==== MATERIAL SHOWN ====
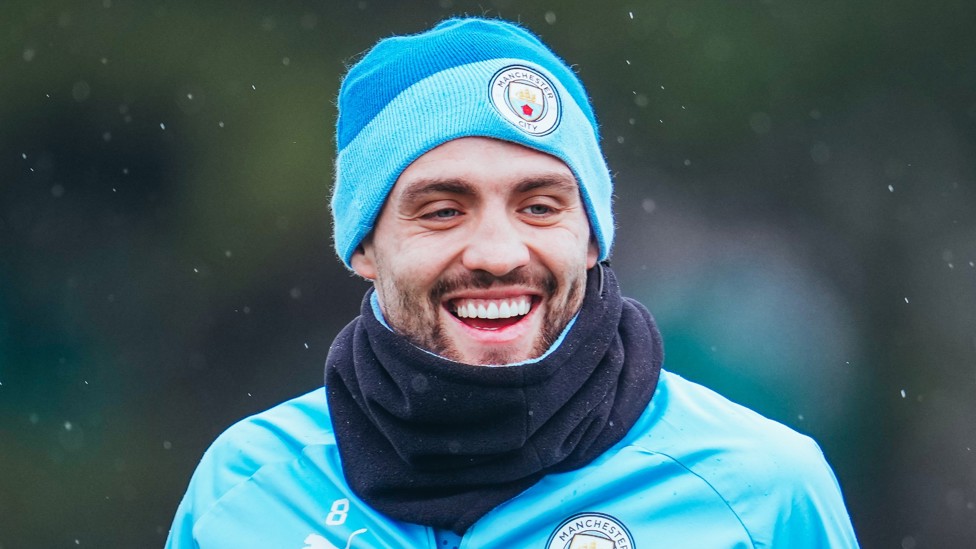 COSY KOVA : Mateo keeps warm on a freezing cold Manchester morning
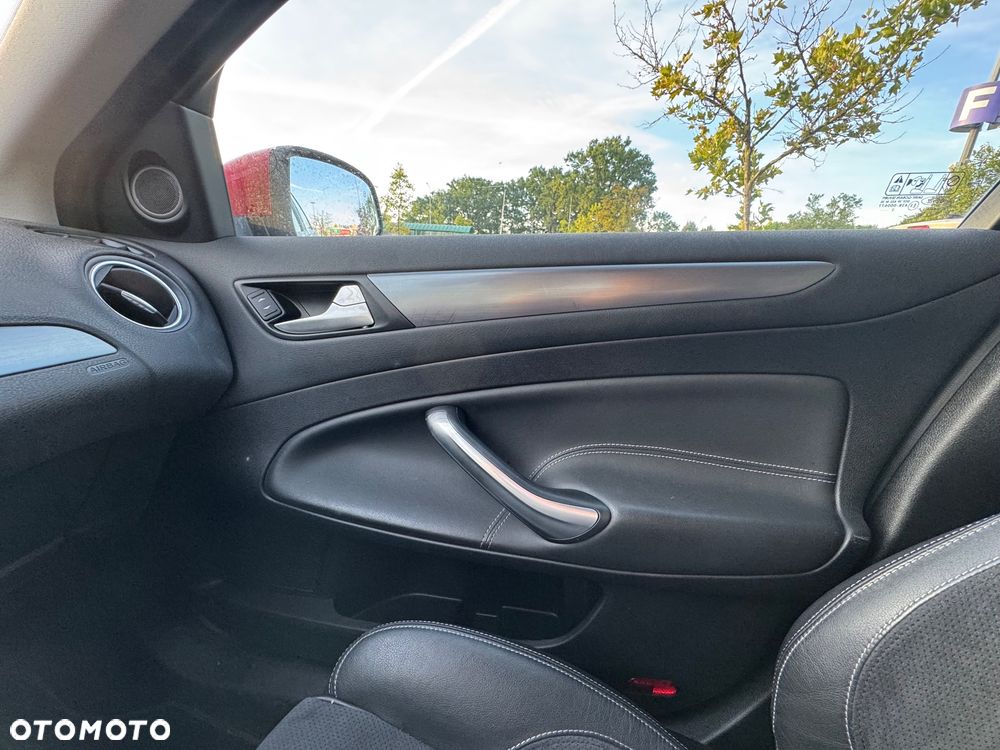 Ford Mondeo 2.2 TDCi Titanium - 19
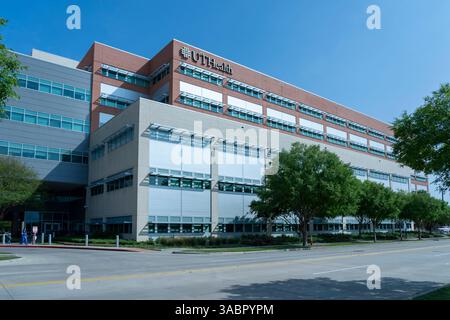 UTHealth (University of Texas Health Science Center at Houston) building at Research Park Complex in Houston, Texas, USA Stock Photo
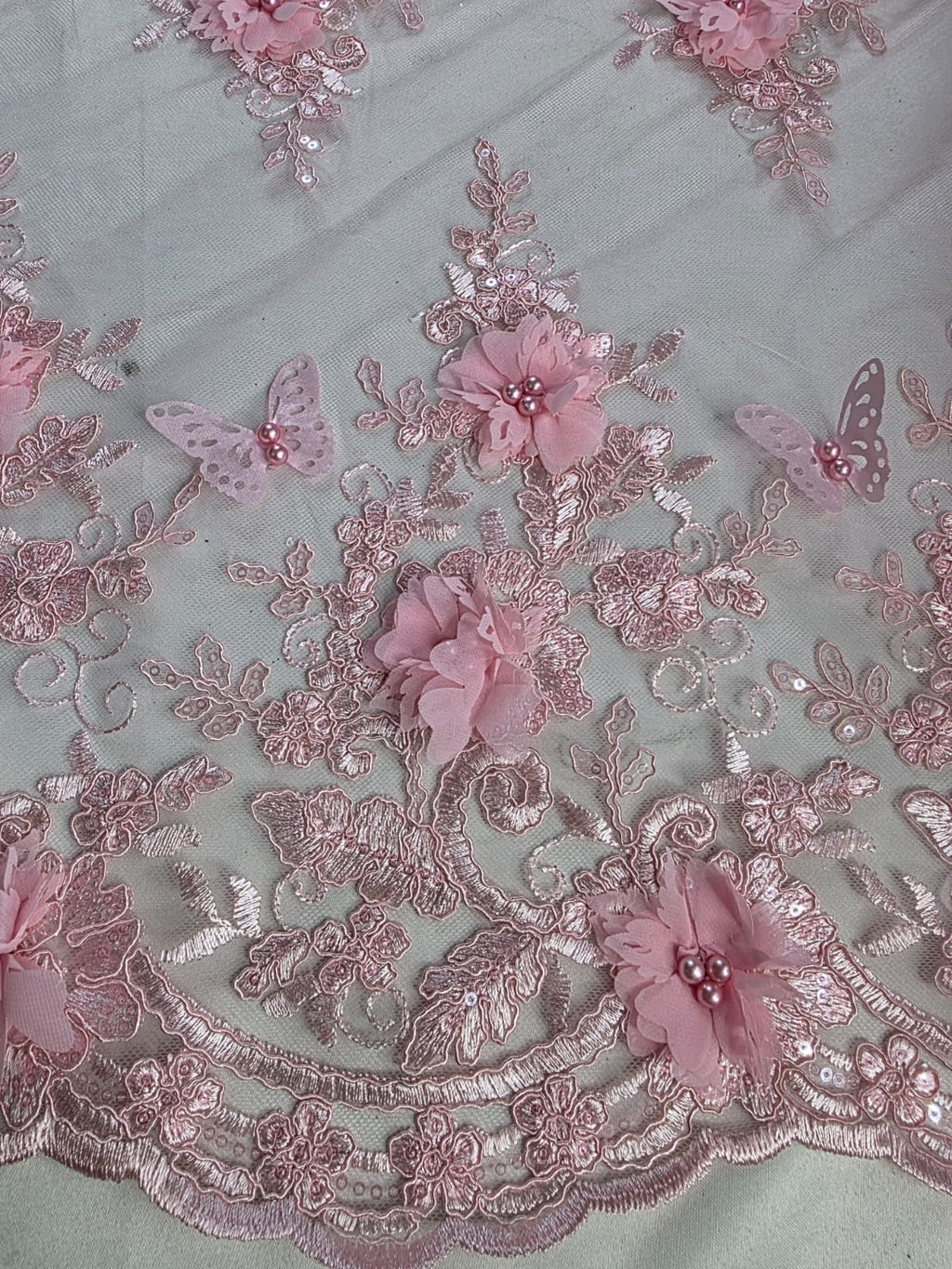 Tul Bordado Con Perlas, Lentejuelas, Mariposas y Flores 3D - HH275 — Palacio Glamour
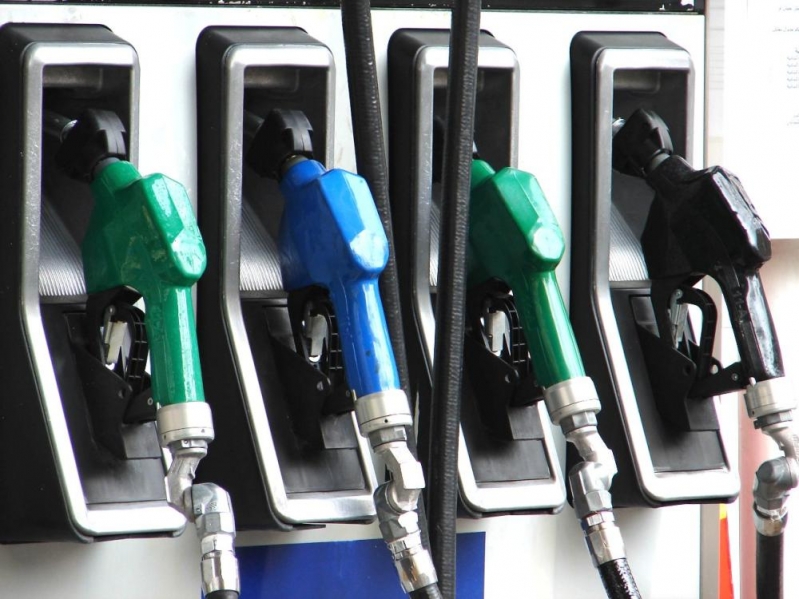 إلزام محطات الوقود بتركيب شاشات لعرض الأسعار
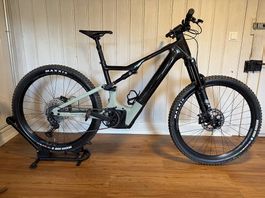 Focus JAM² 8.8 Carbon E-MTB 29  FOX / Shimano XT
====
▶ _WORK ITEM_:
Retype every record above exactly as written, but leave out the pictures.

▶ _EXERCISE RESPONSE_:
 COSY KOVA : Mateo keeps warm on a freezing cold Manchester morning
 Ford Mondeo 2.2 TDCi Titanium - 19
 UTHealth (University of Texas Health Science Center at Houston) building at Research Park Complex in Houston, Texas, USA Stock Photo
 Tul Bordado Con Perlas, Lentejuelas, Mariposas y Flores 3D - HH275 — Palacio Glamour
 إلزام محطات الوقود بتركيب شاشات لعرض الأسعار
 Focus JAM² 8.8 Carbon E-MTB 29  FOX / Shimano XT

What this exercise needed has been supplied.